If IBus does load but does not see LibreOffice as an input window, add this line to ~/.bashrc:

export XMODIFIERS=@im=ibus


And then, you need to start ibus with --xim -d, for example, add this line to ~/.xinitrc:

ibus-daemon --xim -d


But the horrible thing is that you need to start LibreOffice in terminal.

If you are using KDE and the above does not work, install libreoffice-still and add this line to ~/.xprofile if you do not mind running LibreOffice in GTK 2 mode:

export OOO_FORCE_DESKTOP="gnome"


That will make IBus work with LibreOffice, and you can start LibreOffice from anywhere, not just the terminal.

### Non US keyboards

If Ibus does not let you write in a given language, let's say Chinese, with a different keyboard layout other than US, then you need to tell it which one to use.

Each input method specifies its desired input layout in an XML configuration file in /usr/share/ibus/component/<method_name>.xml. Setting the <layout> tag to the desired value will make the ibus use that layout. With the special value default, ibus will use whatever is the default layout configured on the system.

The factual accuracy of this article or section is disputed.

Reason: Undone on package upgrades (Discuss in Talk:IBus#)

You need to change /usr/share/ibus/component/<method_name>.xml and change the <layout> tag to the expected keyboard layout.

### Use xinitrc to export

If you still can't get it to work, try to place these lines in ~/.xinitrc.

 export GTK_IM_MODULE=ibus
export XMODIFIERS=@im=ibus
export QT_IM_MODULE=ibus


This was tested in Awesome, without login manager.
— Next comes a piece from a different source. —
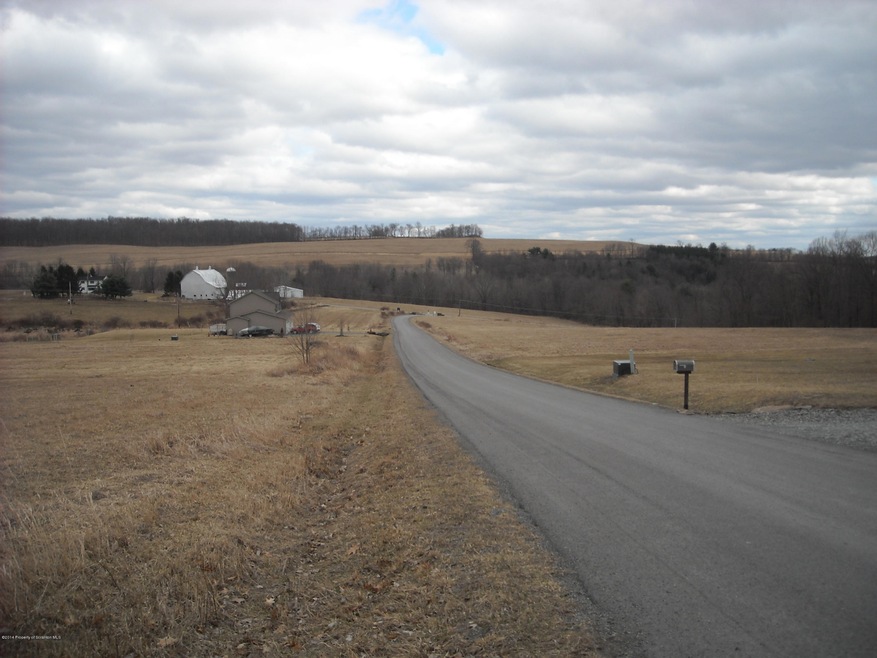 23 Middle Mountain Dr, Tunkhannock, PA 18657 - photo 1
### Rescue from an iBus crash

Since around fall 2018, iBus is less stable and sometimes crash. To relaunch it without killing the session:

• If the keyboard is not in latin input method, go to a terminal (ctrl+alt+F2), login with the same user and type
• ibus-daemon -r &

Go back in the X11 session (ctrl+alt+f7), and type the exact same sentence in a terminal.

• If the keyboard is in a latin input method, launch a terminal and type :
ibus-terminal -r &


The ending '&' is very important, else it will brake input when you stop it.

### Firejail

Sandboxed programs may not work with some IBus input methods due to the input socket being invisible to the sandbox[2][3][4]. For example, Firefox sandboxed with Firejail may not register inputs given by IBus Anthy.

A workaround is to make IBus use XIM by exporting the following environment variables

export GTK_IM_MODULE=xim
export XMODIFIERS=@im=ibus
export QT_IM_MODULE=xim


and launching the IBus daemon with

ibus-daemon -drx


## ibus-m17n

In the specific case of ibus-m17n, a helper, /usr/lib/ibus/ibus-engine-m17n, generates the necessary XML at runtime. With version 1.3.4-4 of the package, this unfortunately uses us as the layout without a possibility of override. Fortunately, this was changed to default a few commits later in Git, but no new release was made since then. To remediate the issue, a Git-master version of the package is available from AUR, which works nicely.

### English international AltGr

If you want to use AltGr as compose key for the english keyboard, choose English international AltGr in the ibus-setup instead of 'English'.

### Trouble with Japanese

If you have trouble with Japanese input try to generate the locales with uncommenting ja_JP.UTF-8 UTF-8 in the /etc/locale.gen file and then run locale-gen.